Quantum cryptography

November 14, 2005
Quantum cryptography, which taps properties of photons to represent information, can, in theory, provide perfectly secure communications.

Alice, for instance, can send Bob perfectly secure messages using quantum key distribution because the method allows them to tell for sure whether the encryption keys they are using to lock and unlock messages have been copied.

Quantum key distribution systems use single photons to represent the binary numbers, or bits, that make up encryption keys. The use of single photons is what guarantees security. If there were two or more photons per bit, eavesdropper Eve could siphon off extra photons to make a copy of a key without being detected.

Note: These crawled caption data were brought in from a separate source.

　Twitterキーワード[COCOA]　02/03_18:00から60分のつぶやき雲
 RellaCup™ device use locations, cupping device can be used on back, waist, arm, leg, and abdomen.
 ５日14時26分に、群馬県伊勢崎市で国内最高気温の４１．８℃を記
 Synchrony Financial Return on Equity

The systems use polarized photons to represent bits. Photons have both electric and magnetic fields. The electric field of ordinary photons vibrates in all directions perpendicular to the photon’s course. Polarized photons have electric fields that vibrate in only one of four directions: vertical, horizontal and the two diagonals.

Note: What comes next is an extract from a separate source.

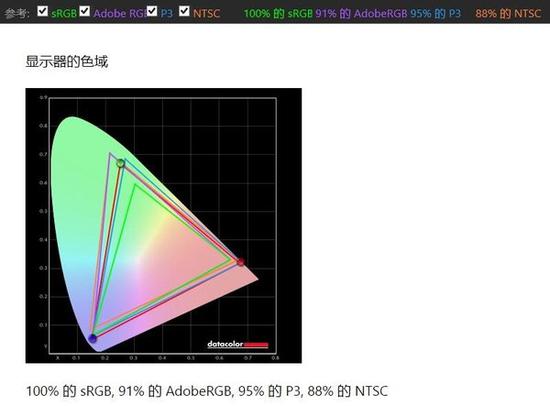  创维8K OLED电视W92，红蜘蛛5测试出来的色域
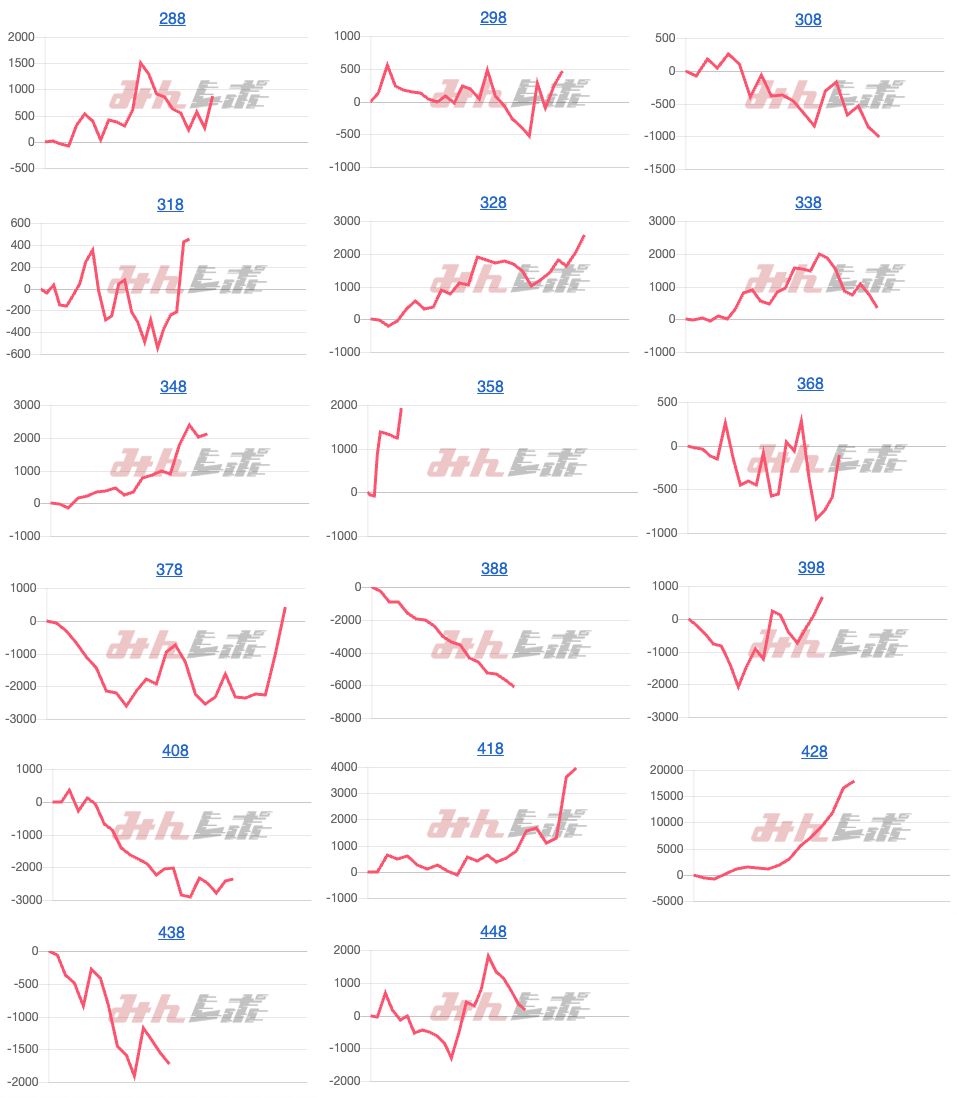 出玉スランプグラフ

Two pairs of polarizations, vertical and horizontal, and the two diagonals, can each be used to represent the 1s and 0s of digital information. For example, vertical could represent 1 and horizontal could represent 0.

To send an encryption key to Bob, Alice transmits a string of randomly polarized photons and records how each photon was polarized. Bob measures the photons, but because of a quirk of quantum physics-the Heisenberg uncertainty principle-he can only look for one of the two pairs of states in each photon. Bob has to choose which type of polarization to look for, and he only gets one look because the act of measuring the photon destroys it.

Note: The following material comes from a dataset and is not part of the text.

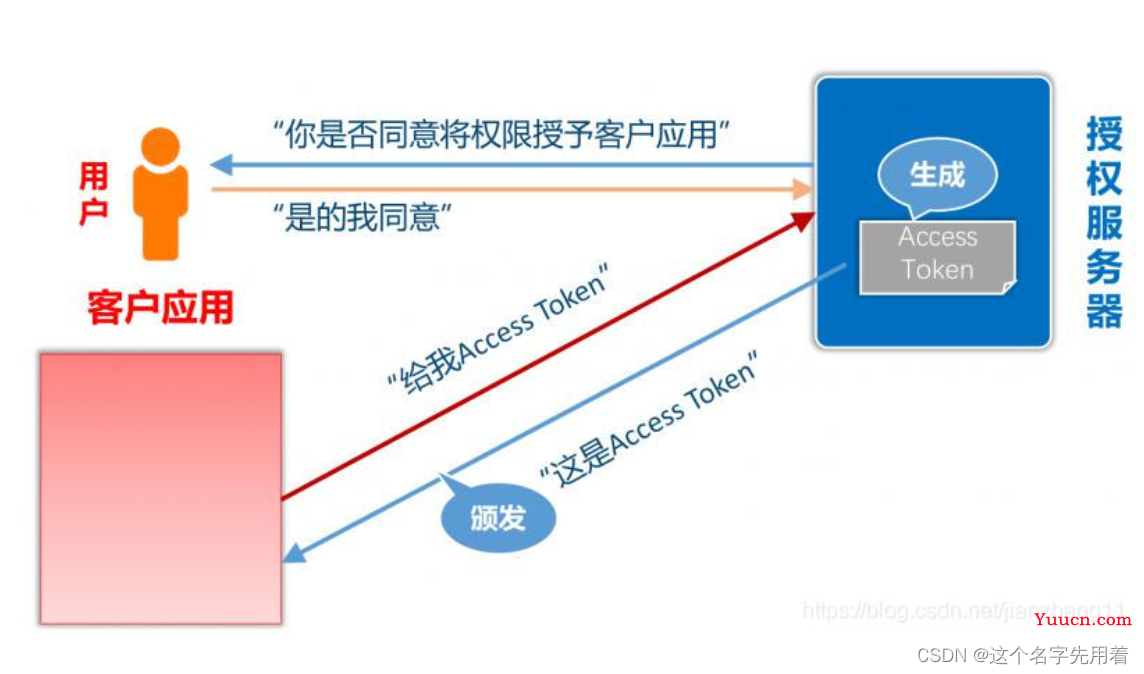 微信登录的接口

Bob randomly chooses whether to look for vertical and horizontal or the diagonal orientations. He tells Alice, over a regular unsecure communications channel, how he measured the photons and she tells him which ones he chose correctly.

Alice and Bob use this common string of photon polarizations as a binary encryption key. Alice uses the key to encrypt a message, then sends the encrypted message to Bob over an open channel. Bob then uses the bit string to decrypt the message. Because the bit string was generated at random, there is no mathematical basis for decoding the message without knowing the key. And by using a new encryption key for every message, Alice and Bob can thwart code breakers who deduce keys by looking for common patterns across messages.

The quirky nature of photons makes it impossible for an eavesdropper to intercept single photons and successfully replace them. This is because, like Bob, Eve has to guess which way to measure the photons. If she chooses to measure a photon to see if it is a 1 or 0 based on the vertical and horizontal orientations but Alice encoded the bit in the diagonal orientations, Eve will get a false reading.

This means Eve could correctly measure about half of the photons she intercepts, and so half of the substitutes she sends to Bob would be polarized randomly. By chance, half of the randomly polarized photons would be correct, making about 25 percent of the substitute bits wrong.

Alice and Bob check the error rate by comparing a few of the bits Bob chose correctly. If the error rate is higher than even one percent, they can decide that the chance that Eve has intercepted their key is too high, and throw it out and transmit another.